Grâce à la location meublée non professionnelle, et particulièrement si celle-ci s’effectue en résidences services, il est possible de bénéficier de revenus immédiats (notamment sur le marché secondaire). Par la signature d’un bail commercial avec un exploitant, le propriétaire-bailleur verra plusieurs de ses engagements retirés. Entre autres, l’entretien des locaux et la recherche de clients seront du ressort de l’exploitant.

Pour finir, pour tous ceux qui souhaitent donner un sens à leurs investissements, la location meublée non professionnelle en résidences services répond à des problématiques démographiques évidentes. Le nombre d’étudiants ne cessent d’augmenter et l’offre existante n’est pas suffisante. Financer la réalisation d’une résidence étudiante permet de répondre à ce problème tout en procédant à un investissement pérenne. Il en va de même pour les résidences seniors ou santé qui permettront de loger la population vieillissante française.

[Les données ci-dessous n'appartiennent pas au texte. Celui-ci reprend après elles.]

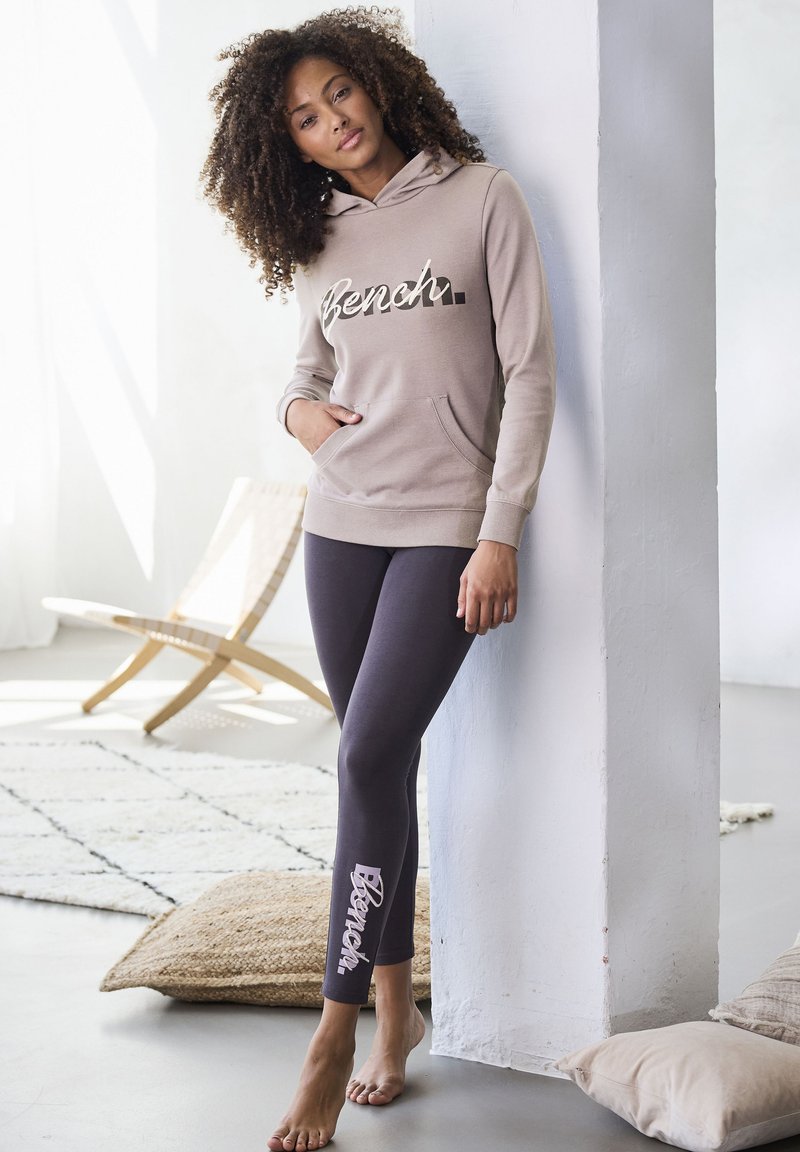 Beige Kapuzenpullover mit Fronttasche und "Bench"-Logo; kombiniert mit dunklen Leggings, die das "Bench"-Logo an der Seite tragen. Barfuß. Sanfte Texturen.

Bien que la location meublée non professionnelle représente une solution patrimoniale encore méconnue par le grand public, elle se montre très efficace dans le cadre d’une gestion patrimoine en voie de création ou déjà établie. La pluralité des solutions disponibles (sur le marché primaire ou secondaire) et la diversité des cibles locatives (résidentielles, étudiantes, tourisme, santé, seniors) font d’elle un véritable incontournable de l’investissement en immobilier, aussi bien pour protéger son épargne des aléas macroéconomiques que pour générer des revenus complémentaires ou anticiper sa retraite.